After raising more than $125,000 for the project, School of Civil Engineering students have unveiled a new green roof laboratory to celebrate the school’s 125th anniversary. Featuring soil and plant media, sensors to measure energy, and a weather station, the roof will provide a lab space to work on sustainability and green initiatives. The School of Civil Engineering, industrial partners, alumni and sustainability funds covered the additional $900,000 cost.

Syracuse U Monitors Green Roof

A civil engineering professor and a team of students have installed monitoring equipment on a rooftop garden that will gather data and show how effective the 1.5-acre roof system is at stemming stormwater runoff. Once the equipment is established, real-time data will be available on a website designed to allow teachers to use the information in their classrooms.

U Chicago Develops Green Roof Map

Interns with the university’s Environment, Agriculture and Food Group, along with the City of Chicago, Green Roofs for Healthy Cities and Loyola University’s Office of Sustainability, have developed the Chicago Campus Green Roofs Tool. The interactive mapping application features campus green roof locations, photos, performance data and information on public accessibility.

Indiana U Competition Saves 7 M Gallons of Water

In its first three weeks, the university’s Million Gallon Challenge has saved 7.3 million gallons of water. The campus launched the challenge to not only reduce water usage on campus but also raise awareness of the City of Bloomington's emergency water restriction order.

Portland State U Students Install Green Roof

Students have installed a 3,000-square-foot green roof as part of a living laboratory for civil and environmental engineering classes. Research will be conducted on the differences between the native and non-native plants.

Gannon U Installs 2 Green Roofs

Two green roofs consisting of 67 plants of seven varieties will be installed on Zurn Science Center as a senior gift from the university’s class of 2012. Last year the class participated in fundraising campaigns that raised $1,700 to help fund the project.

Northeast Wisconsin Technical College Debuts Green Roof

Installed on the student commons building, the new 2,500-square-foot green roof will provide stormwater management and increase insulation. The roof, situated next to two variations of traditional roofs, will provide an opportunity to compare energy savings and test benefit claims. In the future, the college also hopes to install a cistern to collect rainwater to replace the current sprinkler system.

Texas State U San Marcos Announces New Water, Environment Center

The university's planned $10 million expansion of its water and environmental quality research and teaching program will include a new Meadows Center for Water and the Environment. The initiative will be funded by a $1 million gift from the Meadows Foundation, additional endowment gifts during the next few years totaling $5 million, and state funds earmarked for emerging research universities.

U Cincinnati Installs Green Roof

Installed atop the College of Nursing’s Procter Hall, the green roof contains drought resistant plants that will help achieve energy savings, sound insulation and stormwater run-off reduction.

Hamline U Installs Green Roof

Installed atop the university’s new Anderson Center, the 1,800-square-foot LiveRoof Hybrid Green Roof system will help achieve energy savings, sound insulation and stormwater run-off reduction.

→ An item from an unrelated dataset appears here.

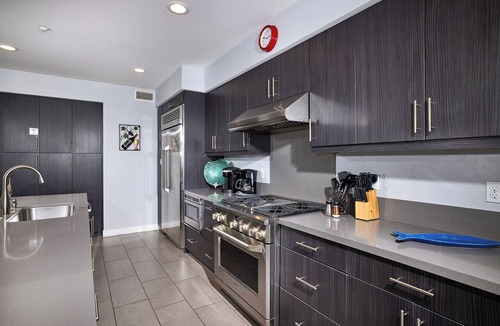 Townsite Condo | Steps to the Sand | Modern Oceanfront Condo, A/C, Dog-Friendly, Walk to Pier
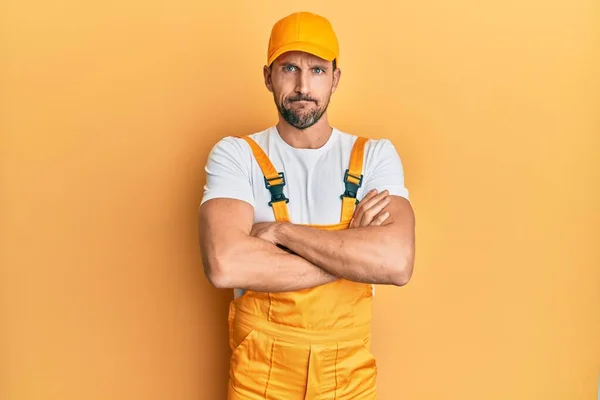 Jovem Homem Bonito Vestindo Uniforme Faz Tudo Sobre Fundo Amarelo — Fotografia de Stock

Georgia Tech Installs Low-Flow Plumbing Fixtures

In an effort to conserve water and reduce utility costs, the institute’s Energy Conservation team has completed a urinal replacement project. With 308 automatic, low-flow urinals now in several older buildings on campus, the institute expects to save up to 5,300 gallons of water per day and savings of up to $54,000 annually.

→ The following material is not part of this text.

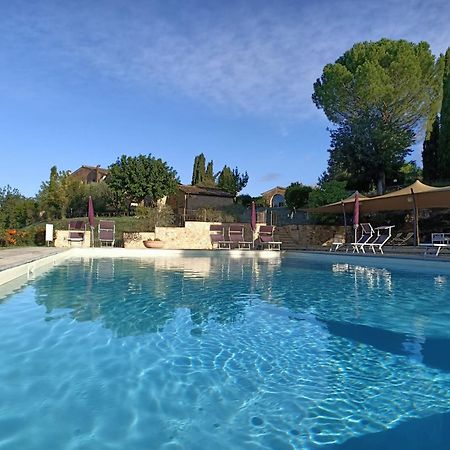 פוג'יבונסי Relais Antico Borgo San Lorenzo מראה חיצוני תמונה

Queen’s U Launches Water Initiative

Led by the Faculty of Engineering and Applied Science's Department of Civil Engineering, this 10-year water initiative is bringing researchers and industry partners together to expand research and provide hands-on learning experiences for graduate and undergraduate students. The project aims to raise awareness of the impact of industrial development and agriculture on watershed health and water supplies.

U Wisconsin System Launches Water Technology Initiative

In partnership with the Milwaukee Water Council, the University of Wisconsin System's water technology project will tap the specific strengths of its five campuses to integrate STEM education and create new approaches to the sustainable use of water systems. The initiative will receive ongoing guidance from the Business-Higher Education Forum, an organization working to close gaps between higher education and the professional workforce.

U Texas Austin Debuts Water-Efficient Irrigation System

To address costly issues of water conservation, as well as breaks and inadequacies in the prior watering system, the university has completed a central irrigation system. The system has the ability to track gallon usage, detect breaks, keep track of rainfall and track water evaporation as it happens. It can be operated and monitored from a single computer, a smartphone or a remote control. Since its completion in April, the university has saved 3.8 million gallons of water.

William Peace U Launches Rainwater Harvesting Project

The university's Rainwater Harvesting System Clean Water Management Trust Fund Grant Project, a $710,000 campus-wide water conservation program, includes a cistern that will supply 90 percent of the irrigation water needed for on-campus use. The university will also install new showerheads and sink aerators.

Texas A&M U Addresses State Water Conservation Needs

The university has announced the formation of a new Water Conservation and Technology Center that will work to address Texas’ long-term water development needs. The center will focus on water conservation, water reuse, groundwater desalination and energy development.

Loyola U Chicago Announces Bottled Water Ban

The university has announced that bottled water will no longer be sold on campus starting in 2013. The decision follows a year-long educational campaign, "UnCap Loyola," which focused on local water privatization and fair access to water on a global level.

Delta College Unveils Interpretive Stormwater Management Signage

With a grant from Bay Area Community Foundation, the signs provide an introduction to the campus' redesigned watercourse, natural filtration system and habitat restoration efforts. Students and visitors can now learn about the project materials and methods selected to reduce environmental impact and support the local economy.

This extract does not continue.